Ma Sisulu tells this great story about a time when she was about six months into her training as a nurse. She was working in a non-European hospital called Johannesburg General and one day there was a horrific bus accident not very far away from the hospital and there were dozens of injured people who were rushed into the hospital into the emergency room and they were absolutely beyond capacity. The black healthcare professionals appealed to the white healthcare professionals to allow the black patients, many of whom were children, who were on that bus to use the facilities, and they were denied. Ma Sisulu says she never forgot the sight of small children who were bleeding and injured who had to sleep a floor because they were denied access to proper healthcare.
That spurred on her own activism and inspired her to travel all throughout rural Africa with her suitcase on her head of medical supplies providing much needed care. For me, the children’s hospital that is going to be built here is a continuation and extension of that suitcase that Ma Sisulu carried on her head to make certain that every single child had proper access.

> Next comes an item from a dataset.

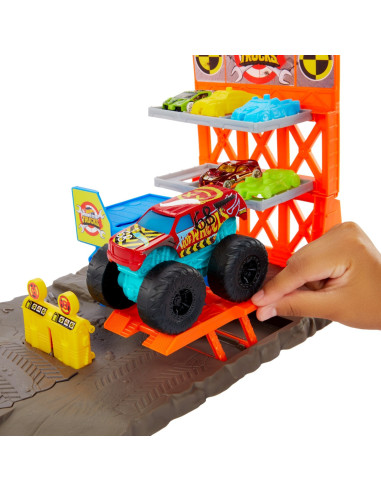 Hot Wheels Monster Trucks Set Blast Station,MTHFB12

So we’re proud of this partnership, proud that it continues in that legacy, and proud of the work that we do every single day through USAID and our PEPFAR program – which has been here in South Africa for ten years now and that has helped, in partnership with Minister Motsoaledi and many others, to reduce the transmission of HIV from mother to child to three percent now, and in 2013 alone provided anti-retrovirals to over 160,000 children in Johannesburg.
It’s been an incredible turnaround in this country and it’s been possible by courage, by dedication, and by our diligent example that we followed from Madiba, from Ma Sisulu and from countless others. So thank you for allowing me to join you here today and Yvonne thank you for your songs. Keep us singing, keep us hoping, and let’s do this together. Thank you so very much.